BEGIN

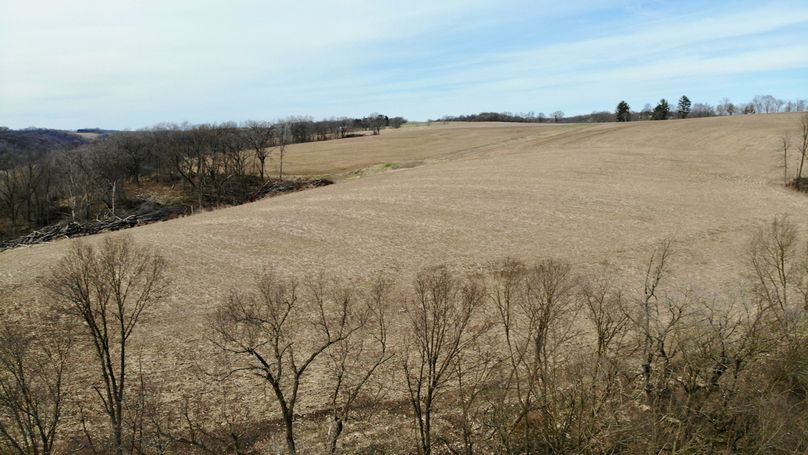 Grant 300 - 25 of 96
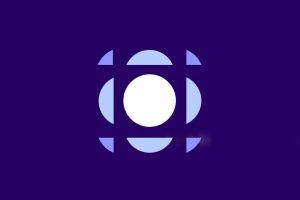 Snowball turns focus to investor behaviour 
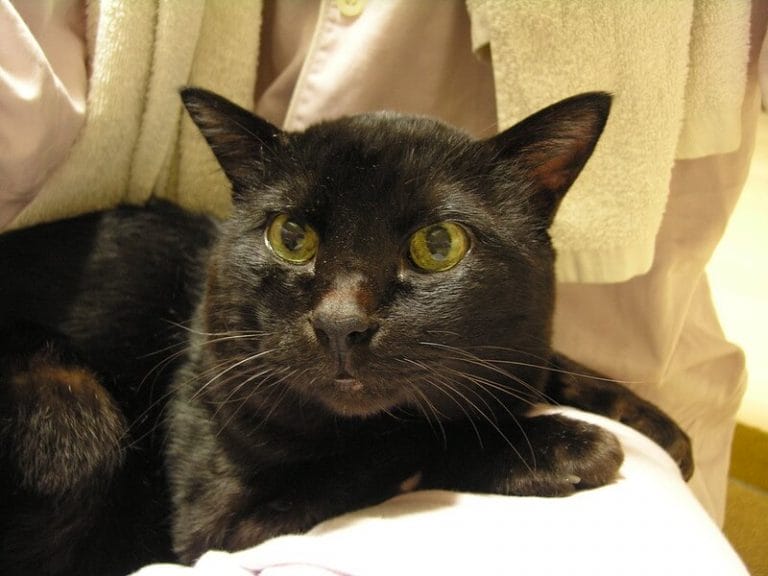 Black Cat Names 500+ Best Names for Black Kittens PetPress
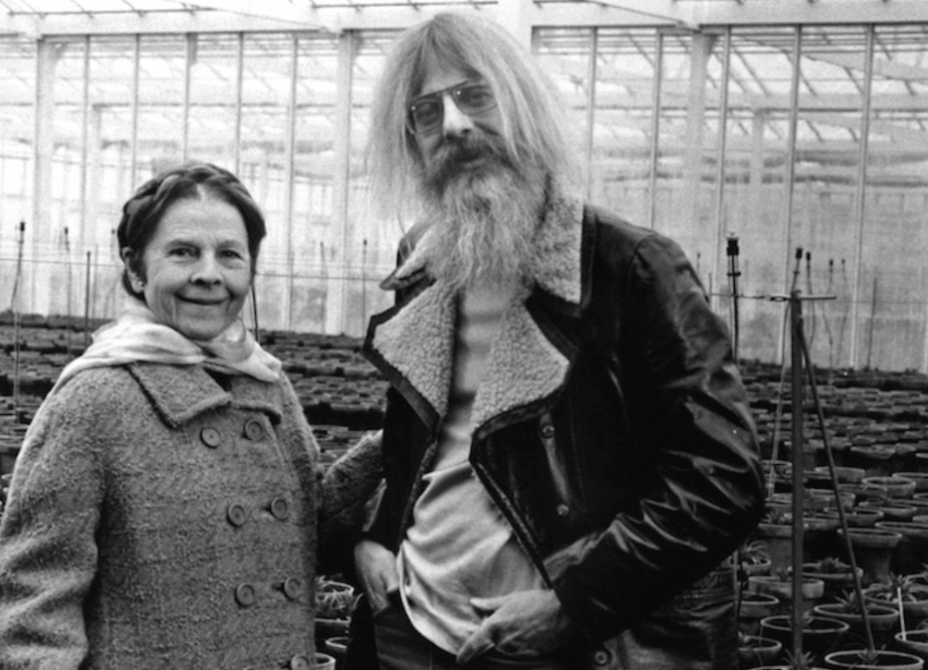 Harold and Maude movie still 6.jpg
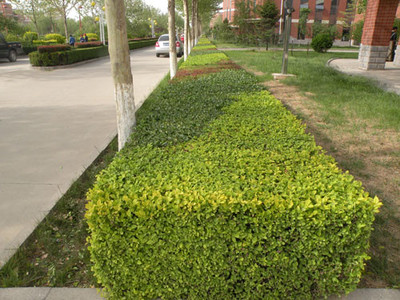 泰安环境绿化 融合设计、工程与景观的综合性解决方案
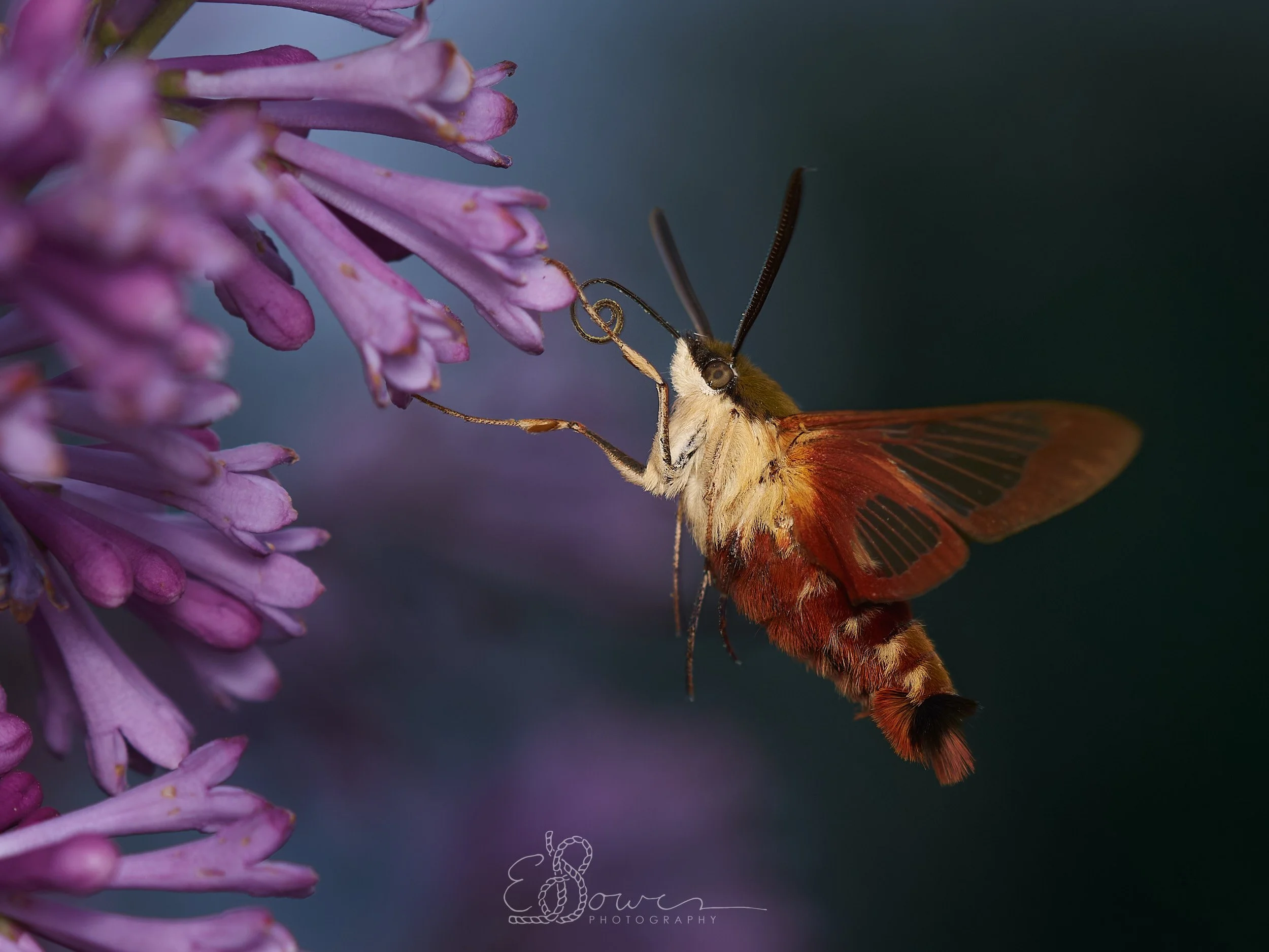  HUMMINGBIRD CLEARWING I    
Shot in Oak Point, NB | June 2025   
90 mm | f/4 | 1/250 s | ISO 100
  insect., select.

END

A verbatim copy is needed of the lines running from the line with "Harold and Maude movie still 6.jpg" to the end of the data above, both included. Keep the pictures out of it.

 Harold and Maude movie still 6.jpg
 泰安环境绿化 融合设计、工程与景观的综合性解决方案
  HUMMINGBIRD CLEARWING I    
Shot in Oak Point, NB | June 2025   
90 mm | f/4 | 1/250 s | ISO 100
  insect., select.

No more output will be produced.